Road To Winter (Fae's Captive #2)(19)
No easy life for my mate. I should have guessed. “I’m sorry.”
“It’s fine. Plenty of people had less than I did. And I was lucky enough to get into college.”
“Lucky? I don’t think so. You worked hard, even when it wasn’t easy for you.” I push a little further. “And your father?”
“He was never around. Left when I was little. But my mother always had boyfriends.” She tangles her fingers together and squeezes. “And I had a stepfather for a short while.”
Just the way she says the word ‘stepfather’ has me bristling. Something is wrong there. “Your stepfather, was he kind?” I keep my tone light despite the vengeance pulsing through me.
“He’s dead.” Her head tilts even lower. “What about you? I’m sure you’ve had hard times in all your years.”
A deflection, but one I have to let go for now. She’s opening up to me bit by bit. But her question takes me off guard. How can I answer? Should I describe the terrors of war, the fae I’ve killed, the many lives that have been lost under my command?

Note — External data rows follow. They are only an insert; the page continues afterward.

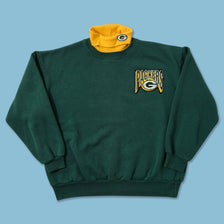 Vintage Greenbay Packers Turtleneck Sweater Small 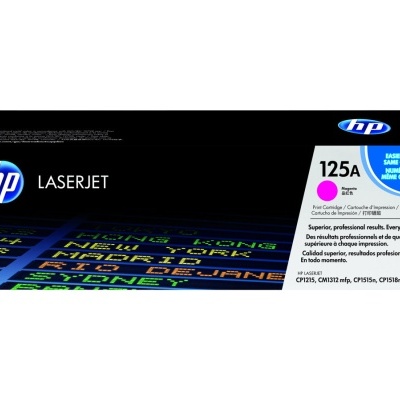 Caixa de toner HP LaserJet 125A magenta para impressora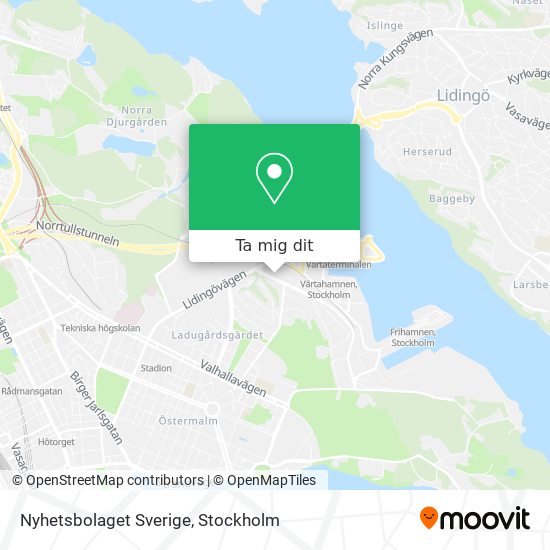 Nyhetsbolaget Sverige karta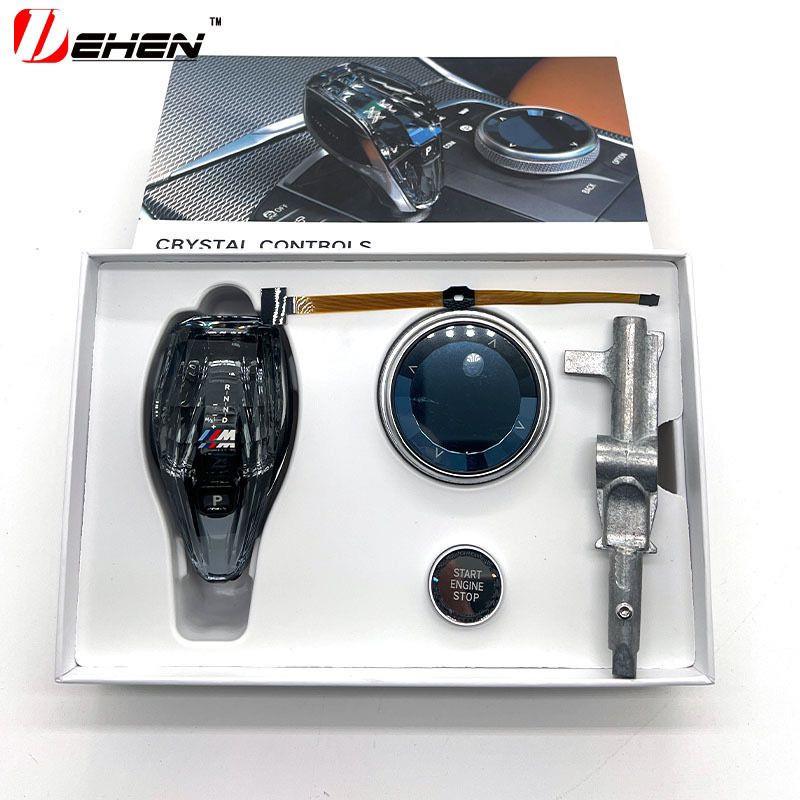 适用宝马新5系6系7系X3X4F10E70E71G30短款水晶档把改装换挡杠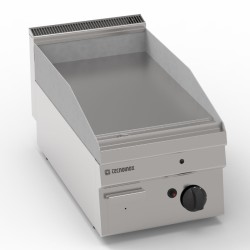 Πλατό FTL35G/0 Tecno65 35x65x28cm 4kW Αερίου 1 Ζώνης Λείο Επιτραπέζιο TECNOINOX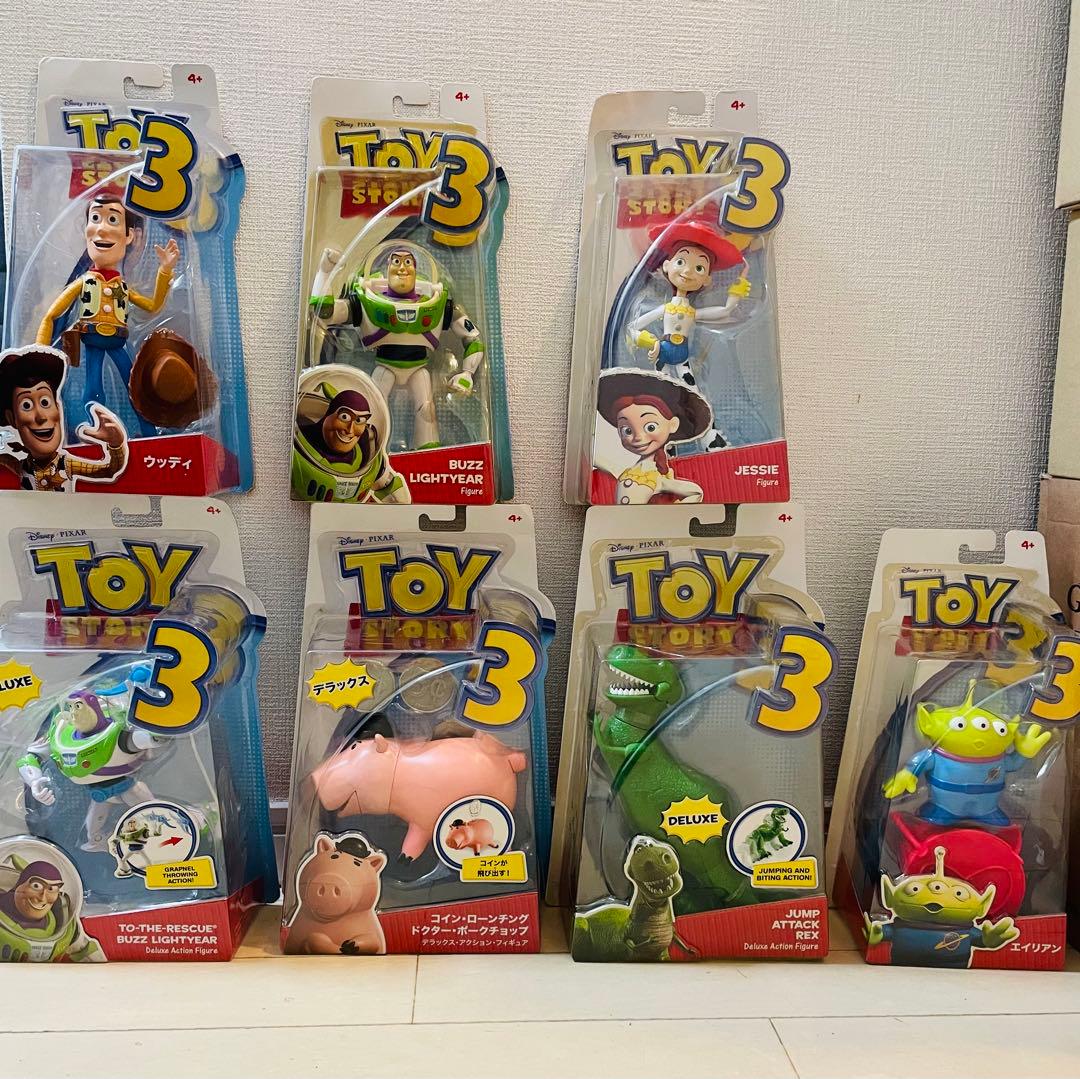 ディズニー　トイストーリー　ベーシックフィギュア　ウッディ　バズ　エイリアン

Should I tell her of the weeks when my soldiers and I starved on the fields of battle after Shathinor’s forces destroyed our provisions and burned the surrounding farmlands to ash?
Like her, I choose to deflect. “Nothing worthwhile is ever easy.” I cup her face with one hand. “And that includes us. I know it’s a lot. When I step back and try to think about it from your point of view, it’s overwhelming. A new world full of strangers with one of them claiming to be your eternal mate. But you are strong. You’ve shown me that time and again since I met you.”
“I think you’ve got me wrong.” Her cheeks pink. “I’m just a student looking for a way back home.”
I don’t say that I’m her home. It’s in my heart, though, and one day she will know it’s true. “We should get going. The forest will start to clear from here on out, then we’ll pass over the Misty River and into the Red Plains.”
“Two more weeks until the border, right?” She wipes a stray strand of hair off her brow.
“Two more weeks,” I agree.
We make our way back to the camp in a comfortable silence, though my thoughts push ahead, imagining the day we enter my lands. Two more weeks before the winds of winter soothe me, fuel me, and give Taylor a taste of the power lying dormant inside her mate.
8
Taylor
The Red Plains are aptly named. Stark and forbidding, the landscape stretches out before us, the ground bloodred and covered with twists of brambles and something akin to sage. This morning we emerged from the trees and rode until we found a narrow lane.
“We’ll stick to the road from here on out.” Gareth peers into the distance where I can almost see dark jagged peaks.
“I feel so … exposed.” Beth pulls her ratty shawl around her shoulders. “And the merchants gawk at us when they pass.”
“It’s safer on the road. More traffic here. If we wandered out into the plain, we’d be far too obvious, not to mention, the land is full of pitfalls, sinking red sands, and a number of other dangers.” Leander pulls my hair from my nape and blows cool air across my skin.
I almost moan with relief. How does he know what I need before I do? The sun has grown hotter, the sanctuary of the trees now a dense green wall at our backs. Here, there is no respite, no fairy lights flitting around, no lazy streams. Ahead, a dark river cuts a slash against the encroaching crimson, and a ramshackle town—almost like something out of the Old West—sits on the opposite bank.
“What’s that?”
“Blood Run,” Gareth offers. “The only town in the Red Plains. Full of schemers, travelers, and outlaws.”
“So it’s Mos Eisley from Star Wars.” I smile at my faint geek knowledge, well aware that no one else will get my reference to the spaceport where Luke and Obiwan meet Han Solo for the first time.
“Sounds like my kind of town,” Beth says after giving me a blank look. “Too bad it’s ugly.”
“Inside and out,” Gareth agrees.
“Are we stopping there?” I stretch, and Leander grips my waist.
“For supplies, but not for the night. It’s not safe. We’re better protected on the road where we can see what’s coming.” He slides his palms upward, as if committing my shape to memory.
“I was really hoping for a bed.” Beth frowns. “I haven’t slept in a bed since …” She pauses and stares into the middle distance. “I guess it depends on if a pile of empty grain sacks counts as a mattress.”
She’s had such a hard life. The bite marks on her body only tell one part of her harrowing story. I want to know more, but she deflects every time I ask about her life as a changeling slave. I do the same when she asks about my past, so I can’t blame her for it. Some parts of a person’s history are better left alone, though they’re never forgotten.
“Your master was Granthos?” Gareth asks.
“Yes,” she says tightly.
He grunts in response but doesn’t say anything else about it.
Beth shoots me a questioning glance, then shrugs and turns back toward the town. “I hope they have bread.”